Stack Overflow ebooks
These files are created from the monthly Stack Overflow Creative Commons data dump. I've got a combination of Python, Java, and XSLT scripts that process the raw XML database dumps into something usable. Then the Amazon kindlegen program creates the ebook file (in Mobipocket format).
Last year I got a new computer with a fast CPU and lots of memory and disk space. While working on the XML processor, I realised that I was doing a lot of work seeking around a big XML file (it's over 4 GB) and collecting questions and answers together. This was taking quite some time because of the sheer size of the files. Since I am running a 64-bit OS (FreeBSD 8 amd64), I memory mapped the entire 4 GB XML file into memory and then didn't have to think about seeking anymore. Letting the OS manage the caching is a much better approach, and the improved performance really shows.

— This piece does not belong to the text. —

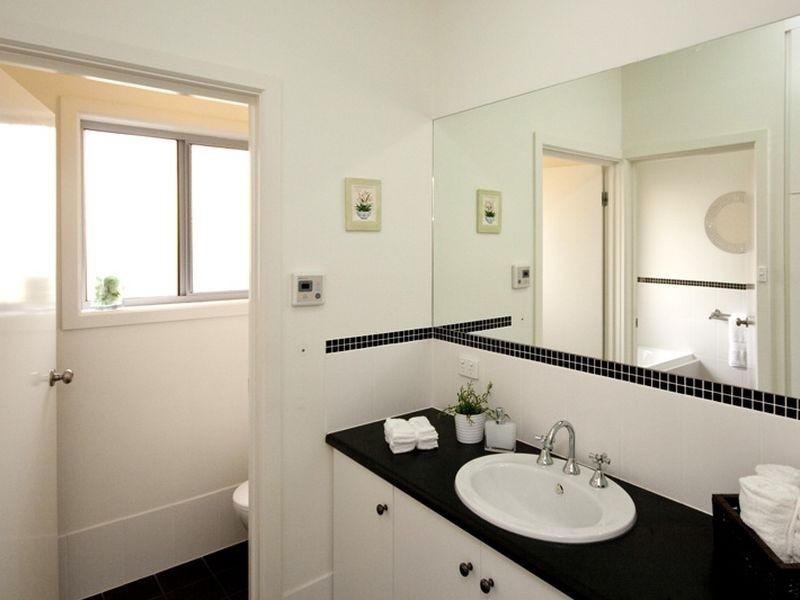 2 Thomas Street, Seacliff Park SA 5049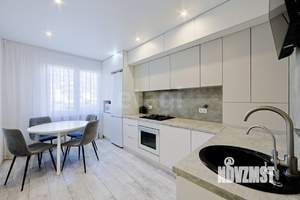 2-к квартира, вторичка, 56м2, 1/10 этаж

The preprocessing step (that needs to run once per data dump) creates all the HTML files for each question and its set of answers. I was originally storing all the files in one directory, but a million files in a single directory wasn't working very well. I ended up splitting the question number into groups of three digits, so 1234567.html is actually stored in 123/456/7.html. This step takes about two hours to run.
Creating each ebook file is then a single XSLT transformation (taking about a minute), plus the kindlegen step which can take several minutes depending on the number of questions. The performance of kindlegen isn't very impressive and appears to be O(n2) in the number of pages.
The source for all this is available on Github.